入口近くでまだぐだぐだしている涼子に焦れたのか、昇は涼子の手首をひっ掴むと、「あとこれも宜しいですか?」と手持ちのベアトップスカートを店員に渡した。

「ちょっとトイレ行ってきていいですかあのお腹痛くなってきました昼食べた牛丼が腐ってたみたいであいたたた…」

「何言ってるんですか。今から試着してもらいますから、しょうもない冗談はやめてまずはこれとこれを着てみて下さい」

一瞬で嘘を見破られて服を渡され、店員に笑顔で「こちらです、どうぞ」と試着室のドアを開けられては、あとはもうそのドアをくぐるしか無かった。

「あの本当にお腹が……」

「わかりましたね?」

眼が笑っていない笑顔でそう言われて、どうあっても逃げられない事を悟った涼子は、渋々、本当に渋々試着室の中に入った。


試着室の広さは丸々部屋一個分になっており、簡単なソファーセットまで置かれている。

奥は全面鏡張りになっていて、涼子は溜息をついた。この醜い自分の容姿を充分堪能しながら着替えろという事か。
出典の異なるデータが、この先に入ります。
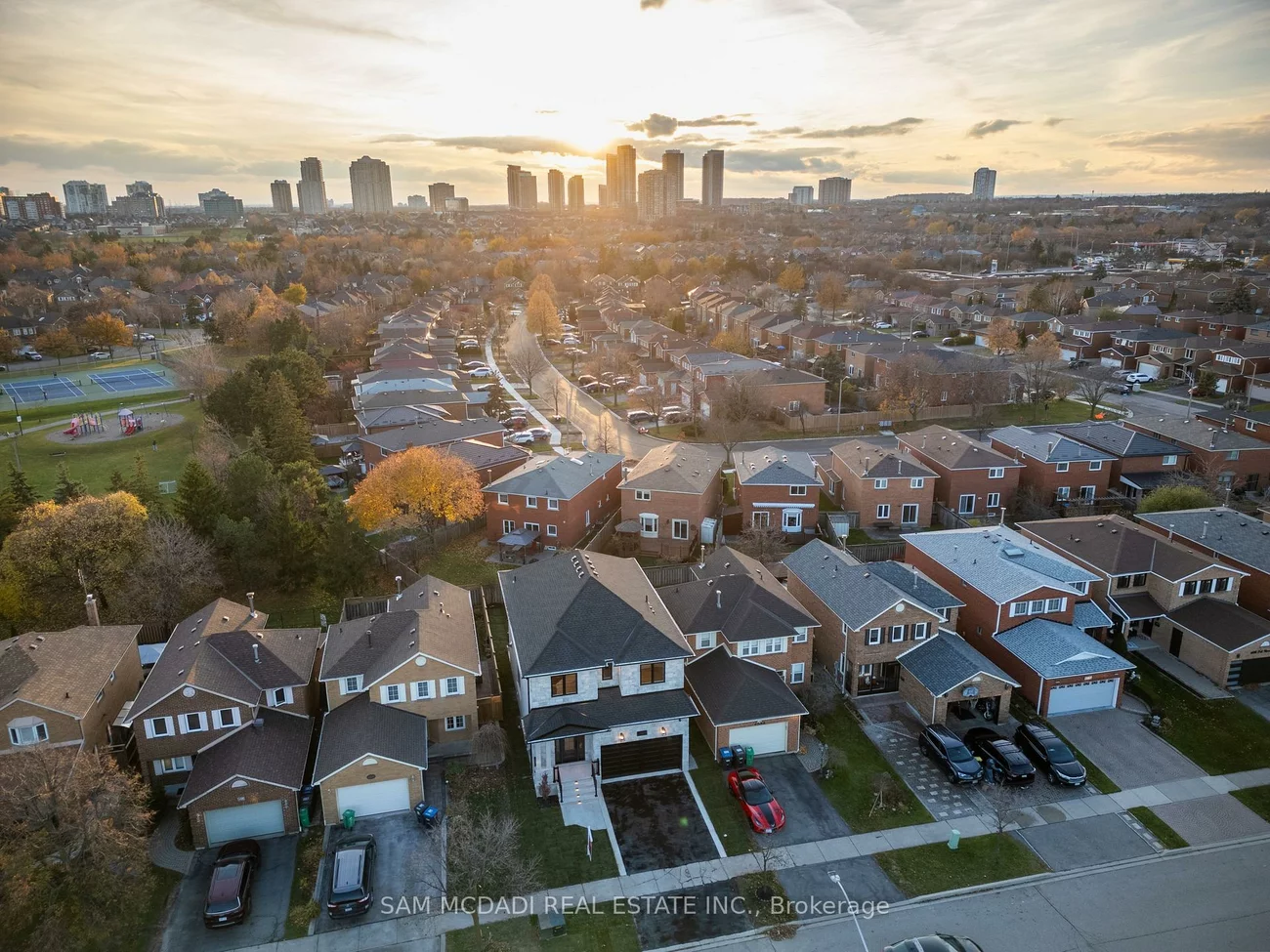 4584, Full Moon, Hurontario, Mississauga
涼子は逃げ出す隙でも作れないものかと昇から手渡されたニットとスカートを検分したが、理由にしようとしたサイズ表記はどうやら欧米基準の様で、涼子にはよく解らなかった。

覚悟を決めるしかない。

涼子はのろのろと制服の上着を脱ぎ出した。


袖を通したそのニットは上質のカシミヤらしく、恐ろしく肌触りがよい。

サイズも不気味な程ピッタリで、まるであつらえた様だった。

続いてスカートも身に着けて、涼子は素直に驚いた。

馬子にも衣装というやつか。その服装は涼子がさっきまで着ていた制服よりも、涼子の手持ちのどの服よりも、涼子に似合っていて、その魅力を引き出している様に見えたのだ。

今更思い知らされた。昇は、センスがいいのだ。

メイクの時点で、このブランドの服装を想定して指示していたに違い無い。施された化粧は服装の雰囲気に見事に馴染んでいて、涼子は内心舌を巻いた。

女性の自分よりファッションセンスがいいとは……

若干屈辱的な気分に浸っていると、ドアの外から「着替え終わりましたか?」と昇の声がした。

涼子が慌てて振り返り、「はい」と返事をすると、「入りますよ」と一度断った後、昇はドアを開けて次の試着服を手にこちらに近付いてきた。